> **SUPPLIED DATA**:
□ □ □ □ □

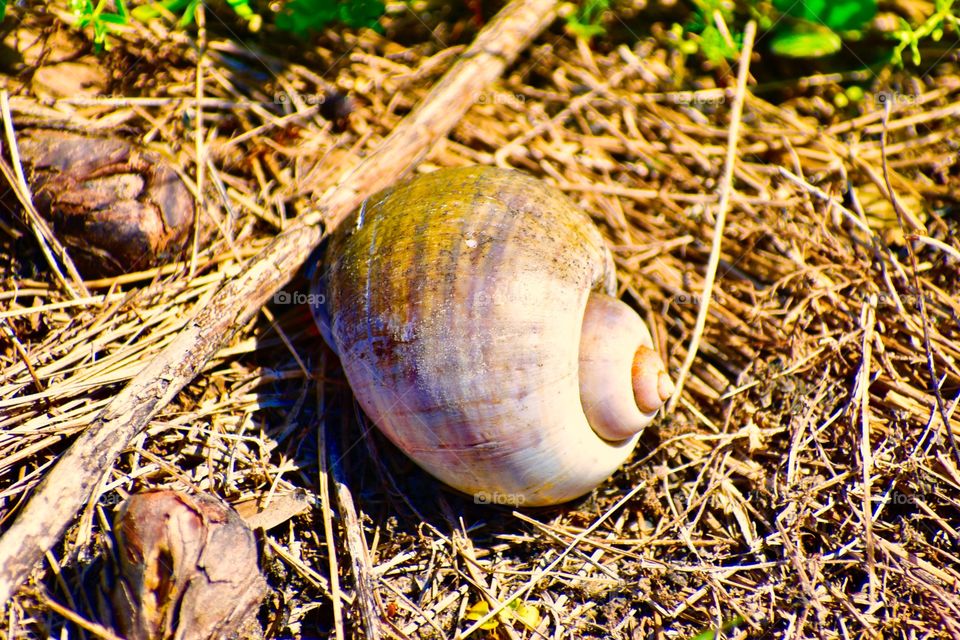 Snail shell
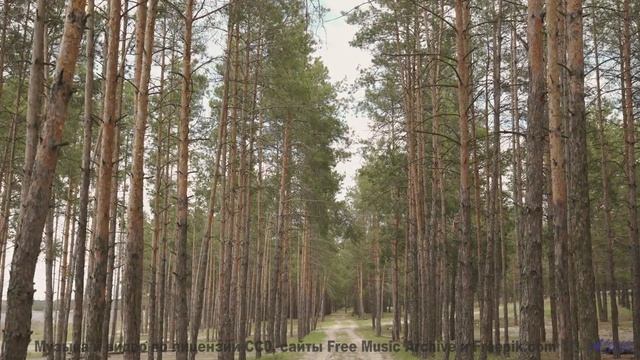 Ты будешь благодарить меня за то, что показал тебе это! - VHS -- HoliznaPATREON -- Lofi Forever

□ □ □ □ □

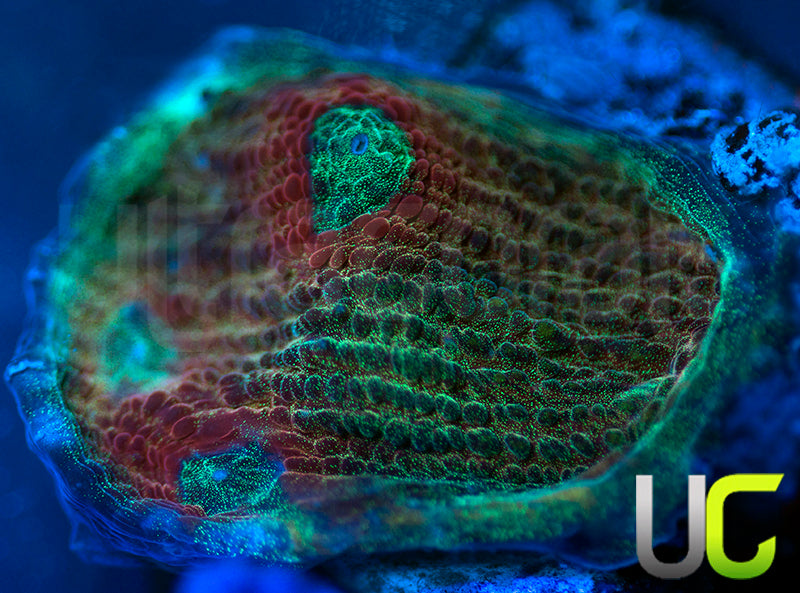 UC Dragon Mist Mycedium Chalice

□ □ □ □ □

> **TASK DETAILS**: Working from the entries above, reproduce exactly and only the lines beginning with the line that has "Snail shell" and ending with the line that has "Ты будешь благодарить"; omit all pictures.

> **EXERCISE ANSWER**:
 Snail shell
 Ты будешь благодарить меня за то, что показал тебе это! - VHS -- HoliznaPATREON -- Lofi Forever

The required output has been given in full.